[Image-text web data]
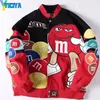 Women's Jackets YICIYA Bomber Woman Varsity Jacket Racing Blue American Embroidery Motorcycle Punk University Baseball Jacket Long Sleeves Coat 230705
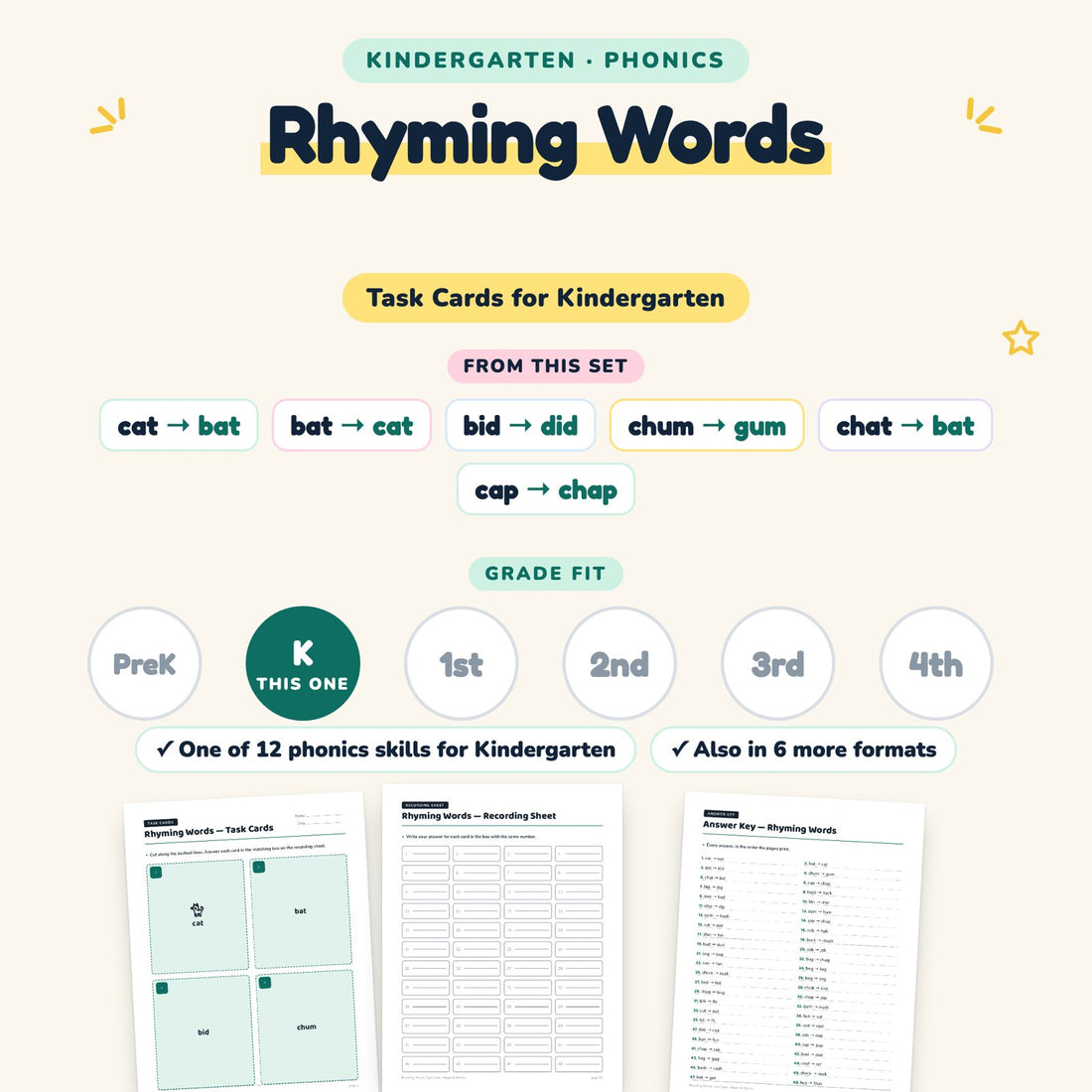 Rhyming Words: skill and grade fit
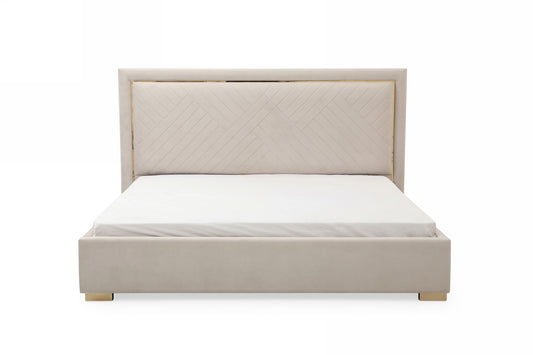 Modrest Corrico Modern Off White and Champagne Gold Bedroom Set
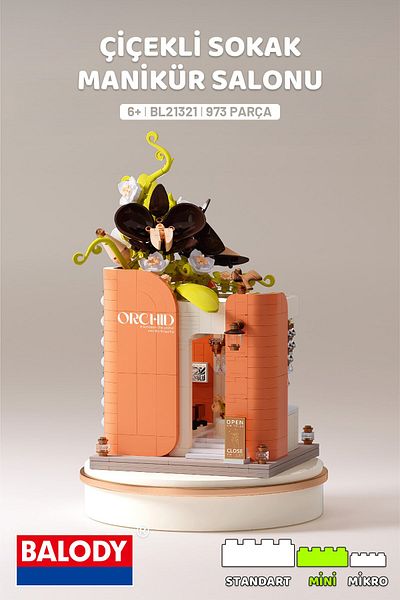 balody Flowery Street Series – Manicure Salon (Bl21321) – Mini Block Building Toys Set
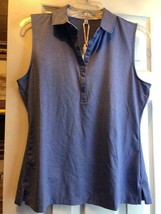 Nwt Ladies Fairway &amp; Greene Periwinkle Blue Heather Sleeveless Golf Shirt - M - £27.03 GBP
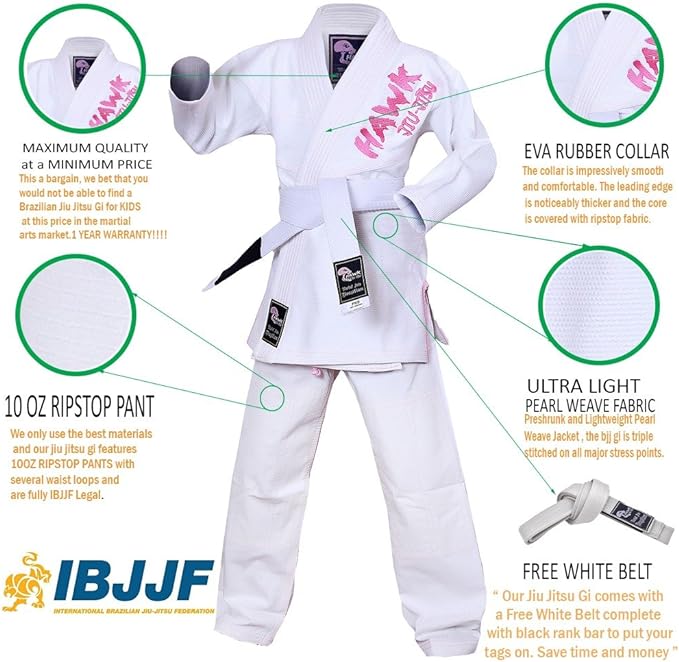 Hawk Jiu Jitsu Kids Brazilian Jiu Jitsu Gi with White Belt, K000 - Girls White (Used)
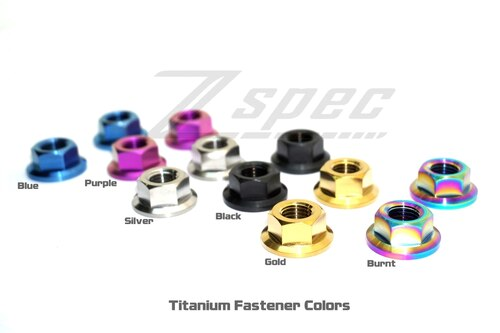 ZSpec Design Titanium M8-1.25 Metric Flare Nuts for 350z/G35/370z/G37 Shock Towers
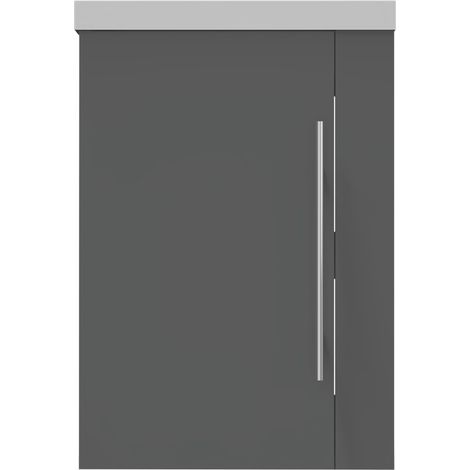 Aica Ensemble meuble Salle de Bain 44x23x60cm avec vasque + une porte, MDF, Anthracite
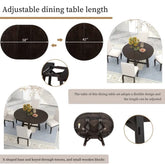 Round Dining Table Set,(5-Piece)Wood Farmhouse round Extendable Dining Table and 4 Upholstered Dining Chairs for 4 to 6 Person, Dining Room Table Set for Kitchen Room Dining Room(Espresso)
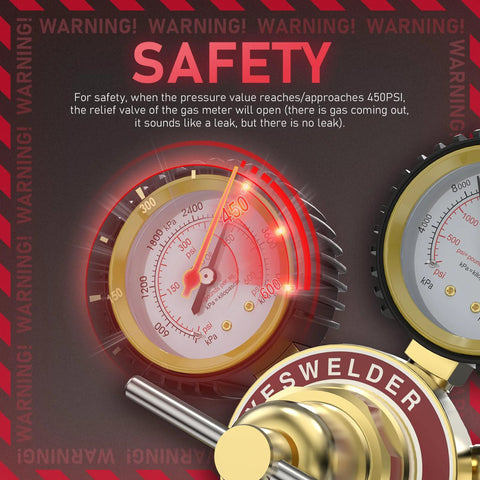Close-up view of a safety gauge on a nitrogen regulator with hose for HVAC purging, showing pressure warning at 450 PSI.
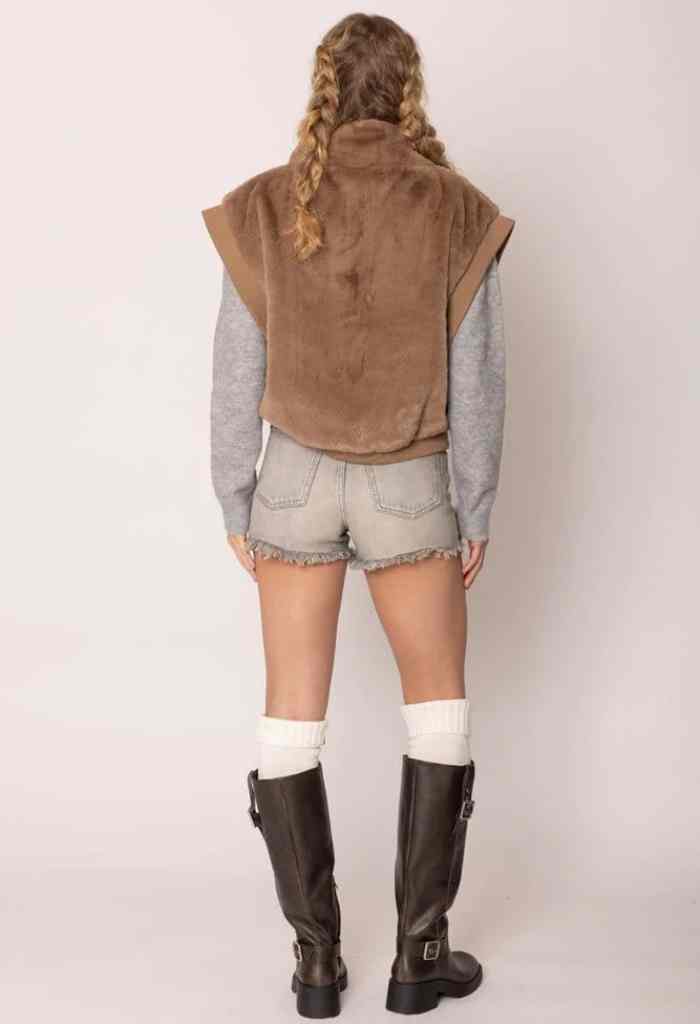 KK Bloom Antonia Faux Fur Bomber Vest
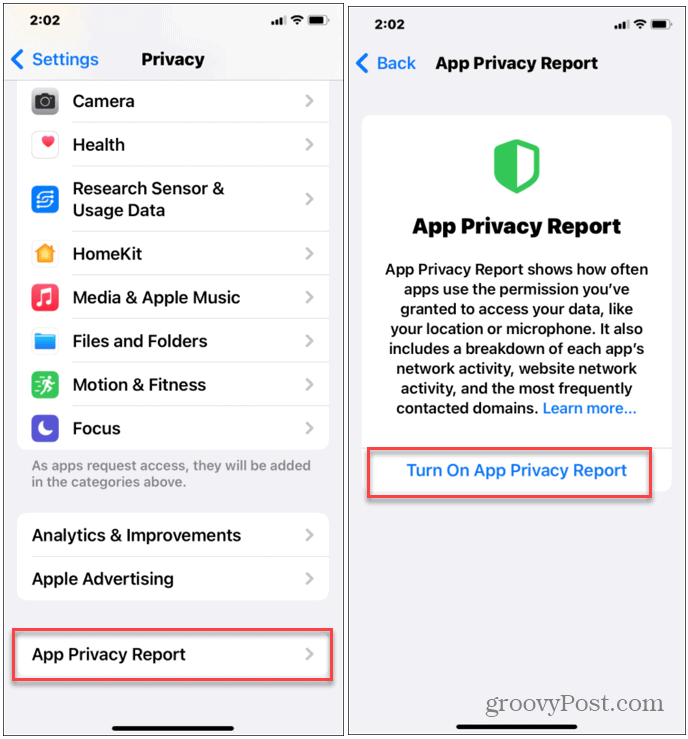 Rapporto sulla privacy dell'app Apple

Work order: Please set down only the lines from the one containing "KK Bloom Antonia Faux Fur Bomber Vest" through the end of the entries, exactly as they stand, both ends included and with no pictures.

Result of the task:
 KK Bloom Antonia Faux Fur Bomber Vest
 Rapporto sulla privacy dell'app Apple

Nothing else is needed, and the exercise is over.